EXERCISE DIRECTIONS
Under this line are the records; repeat exactly the lines starting at the one containing "Vibration | Lec" and ending at the one containing "Map preview of Mules Ear Drive", omitting pictures.

RECORDS TO PROCESS
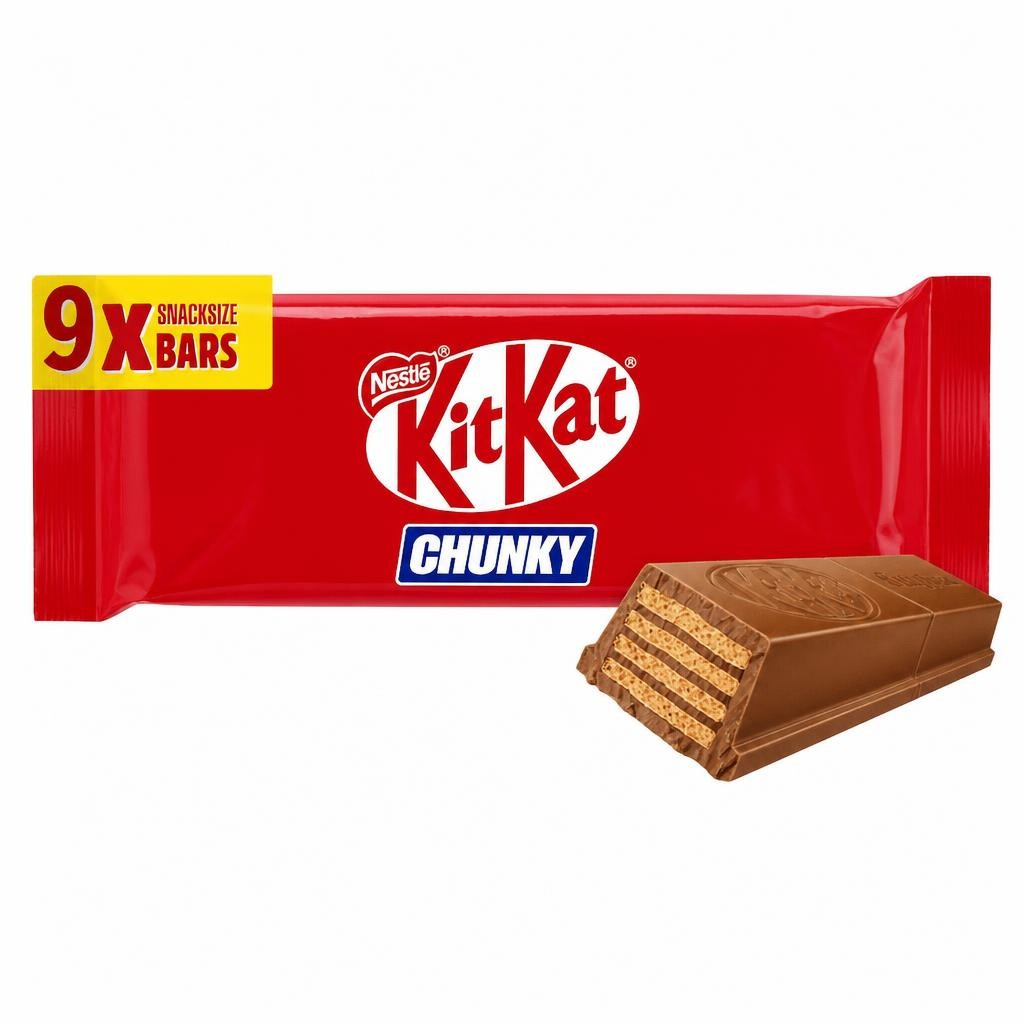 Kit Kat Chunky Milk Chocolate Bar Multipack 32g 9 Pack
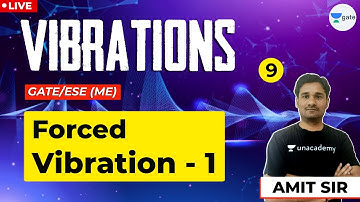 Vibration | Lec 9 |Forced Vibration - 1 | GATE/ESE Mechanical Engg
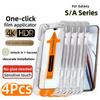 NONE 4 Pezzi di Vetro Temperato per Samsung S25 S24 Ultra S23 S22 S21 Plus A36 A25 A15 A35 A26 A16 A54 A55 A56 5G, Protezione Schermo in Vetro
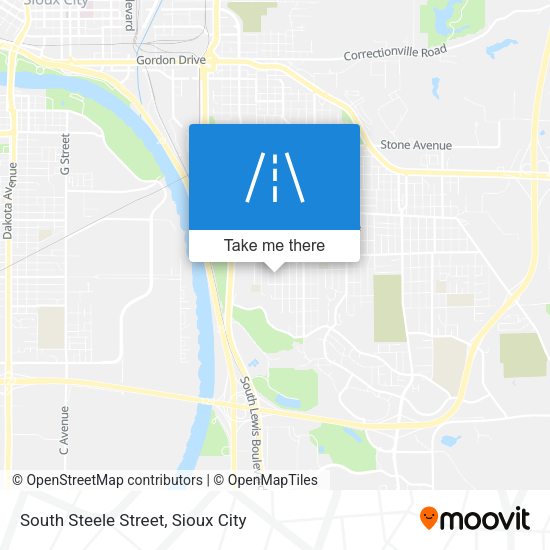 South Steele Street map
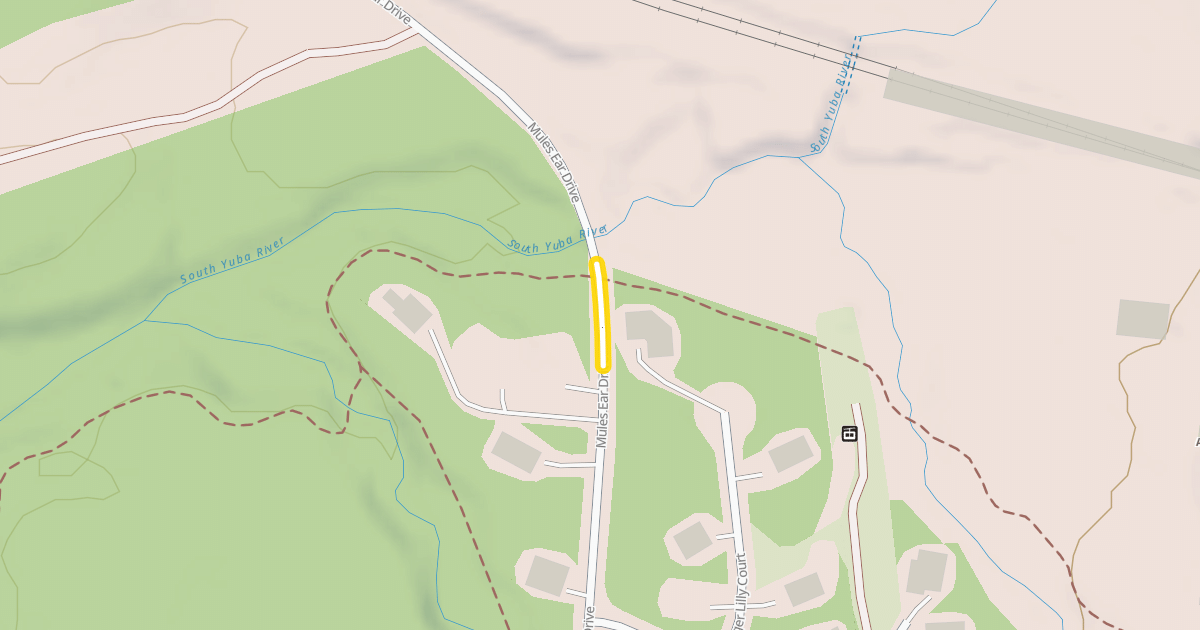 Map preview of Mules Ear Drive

==

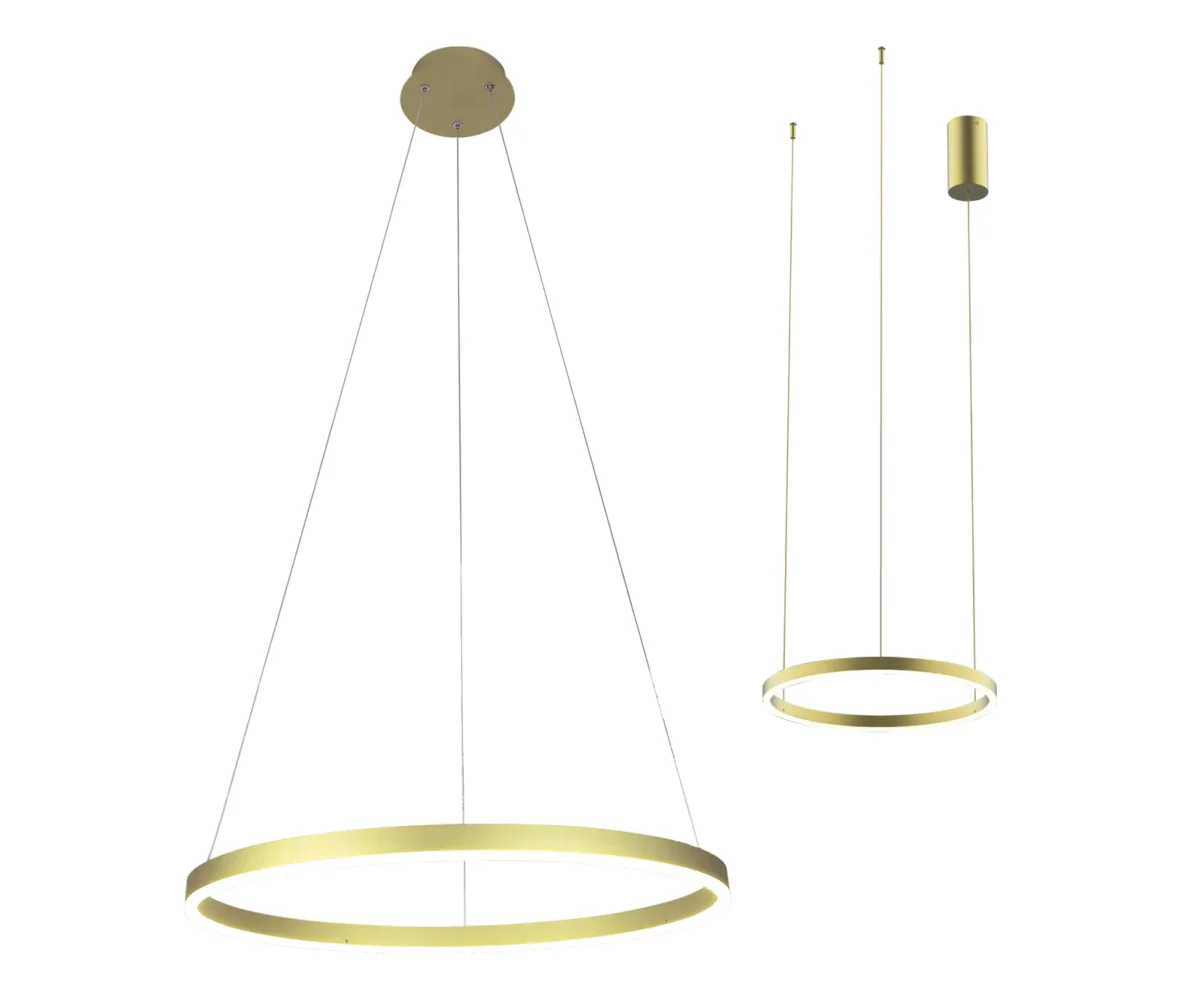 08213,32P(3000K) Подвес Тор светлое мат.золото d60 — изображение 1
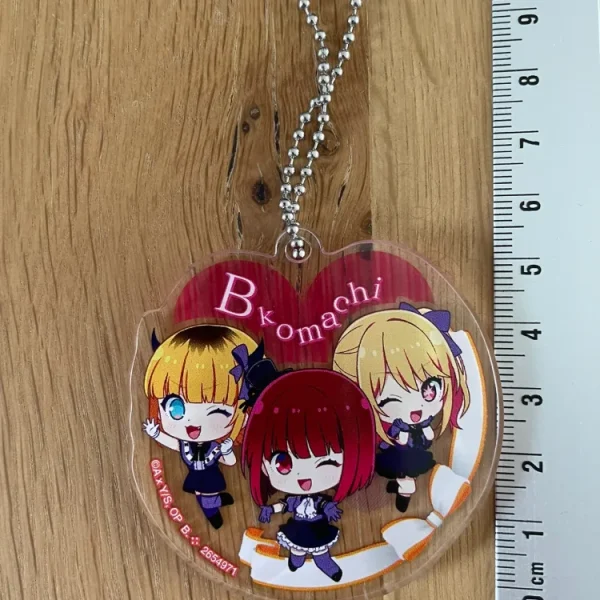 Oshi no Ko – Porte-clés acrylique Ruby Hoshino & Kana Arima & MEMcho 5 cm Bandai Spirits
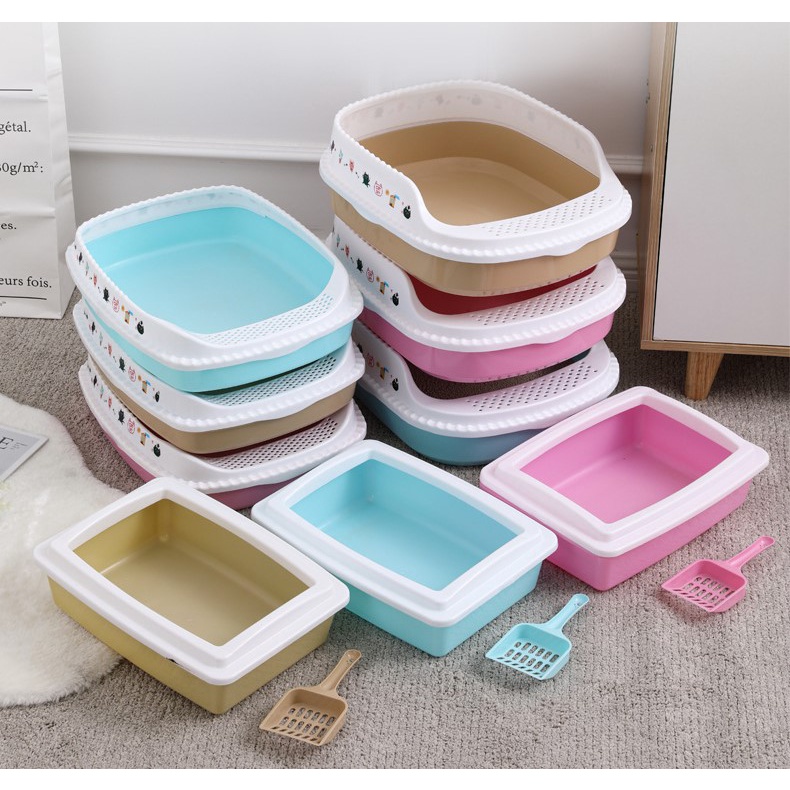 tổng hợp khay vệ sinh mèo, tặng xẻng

TASK SOLUTION
 Vibration | Lec 9 |Forced Vibration - 1 | GATE/ESE Mechanical Engg
 NONE 4 Pezzi di Vetro Temperato per Samsung S25 S24 Ultra S23 S22 S21 Plus A36 A25 A15 A35 A26 A16 A54 A55 A56 5G, Protezione Schermo in Vetro
 South Steele Street map
 Map preview of Mules Ear Drive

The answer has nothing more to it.